Smith’s team also set up a Big Data Lab to pioneer the use of emerging technology and data science to drive customer experience, prevent fraud and develop customer insights. They launched a Wells Fargo app for use on iPad and Android tablets, providing access to Wells Fargo accounts, transfers, payments, mobile deposit, and brokerage access and trading. Two weeks after the launch, nearly 200,000 customers downloaded the iPad app, and more than one million downloads have been incurred since. Access to Wells Fargo Advisors accounts has been added, as has the ability to trade via mobile device.

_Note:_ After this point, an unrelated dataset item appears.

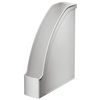 Bandeja de papel vertical LEITZ "Plus", ancho 78 mm, gris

On the ATM front, two years after the bank introduced an e-receipt option at its ATMs, customers have used the service more than 100 million times. In 2013, Wells Fargo surpassed one billion electronic statements and receipts.- Mobile banking is used by almost half of Wells Fargo’s more than 23 million active online banking customers.
In the early 1990s, it was easy to innovate because customers were excited with anything the bank was rolling out for them, he says. But in today’s environment, with 24 million customers using the Wells Fargo website and more than 12 million mobile customers, anything that is deployed has to be rock solid.
Through its innovation practice, Wells Fargo looks five years or more into the future at what might be possible, trying to understand how technologies are changing even outside of financial services and outside of the U.S., as well as how demographics are changing. The bank then identifies themes, and moves some of the ideas into its incubator environment to test technologies and build prototypes. The usability of promising technologies can then be tested with the bank’s 270,000 employees before testing with bank customers.
“The areas we think are really interesting in the next five years relate to mobile,” Smith said. “So far, most companies have just taken capabilities they had in online banking and other channels and rebuilt them into mobile.”
In the next several years, the unique capabilities of mobile devices could be used to transform experiences in other channels — maybe rebuilding entire loan application processes or account openings around mobile capabilities, Smith says. And other Internet-connected devices, such Google Glass, smart watches, or cars could be integrated into banking experiences.